▼

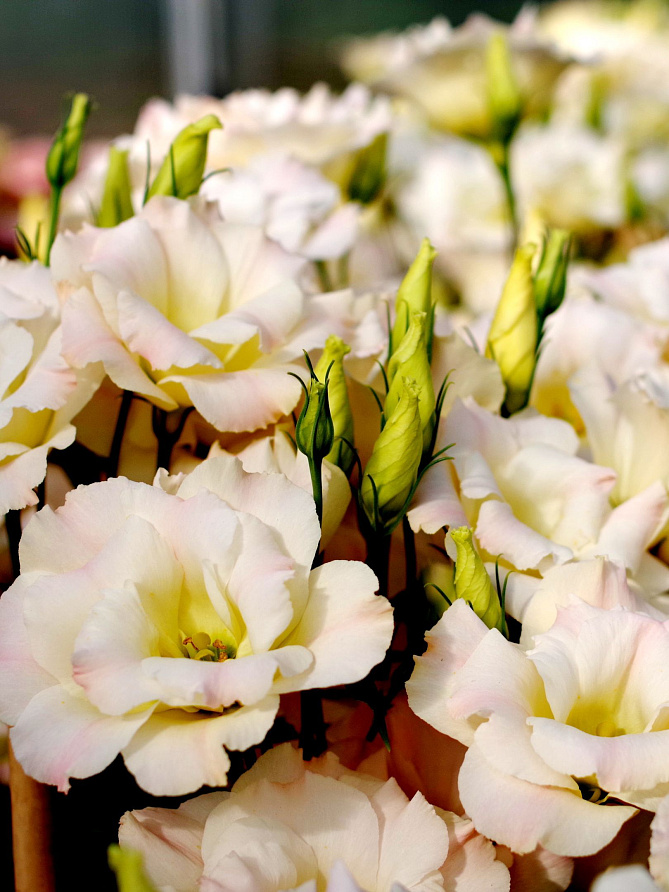 Партнер Эустома F1 срезочная махровая МАДАМ БАТТЕРФЛЯЙ ^(5шт в амп), изображение 3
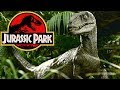 What Happened To The Wild Raptors On Isla Nublar AFTER Jurassic Park?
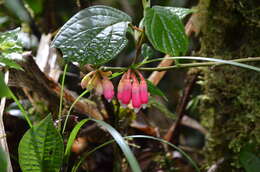 Image of Psammisia ramiflora Klotzsch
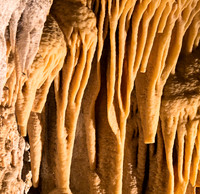 Flowstone Big Room #21, Carlsbad Caverns
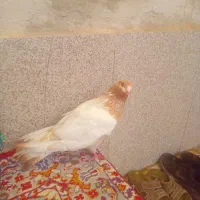 پرنده کله قهوه ای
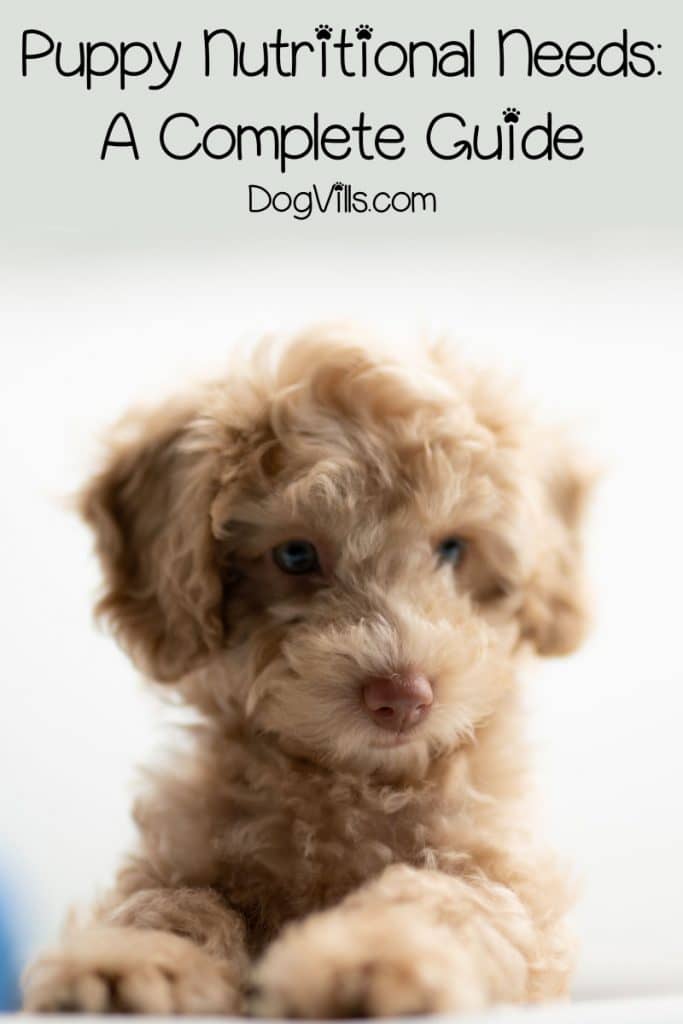 Learn about the nutritional needs of your new puppy, plus find out our top 10 picks for the best puppy food.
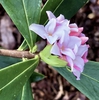 Flower - Side View - Mid-Feb., Warren Co., NC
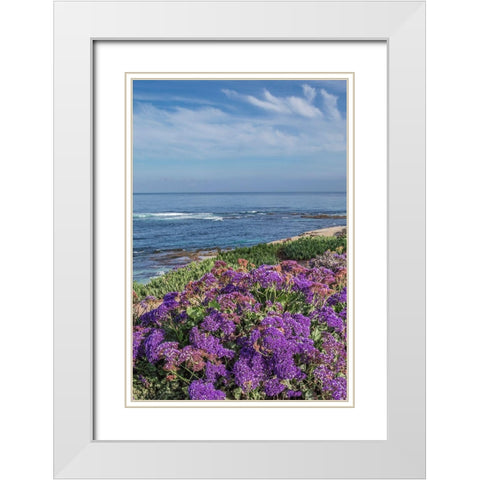 Static Blooms at Beach White Modern Wood Framed Art Print with Double Matting by Markoff, Barbara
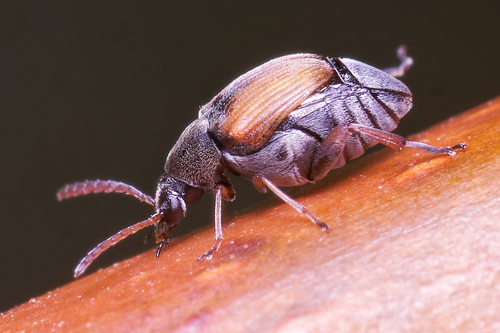 Bruchidius biguttatus · iNaturalist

▲

- [Exercise instructions]:
Please copy the data shown above, line by line and exactly, omitting the images.

- [Exercise answer]:
 Партнер Эустома F1 срезочная махровая МАДАМ БАТТЕРФЛЯЙ ^(5шт в амп), изображение 3
 What Happened To The Wild Raptors On Isla Nublar AFTER Jurassic Park?
 Image of Psammisia ramiflora Klotzsch
 Flowstone Big Room #21, Carlsbad Caverns
 پرنده کله قهوه ای
 Learn about the nutritional needs of your new puppy, plus find out our top 10 picks for the best puppy food.
 Flower - Side View - Mid-Feb., Warren Co., NC
 Static Blooms at Beach White Modern Wood Framed Art Print with Double Matting by Markoff, Barbara
 Bruchidius biguttatus · iNaturalist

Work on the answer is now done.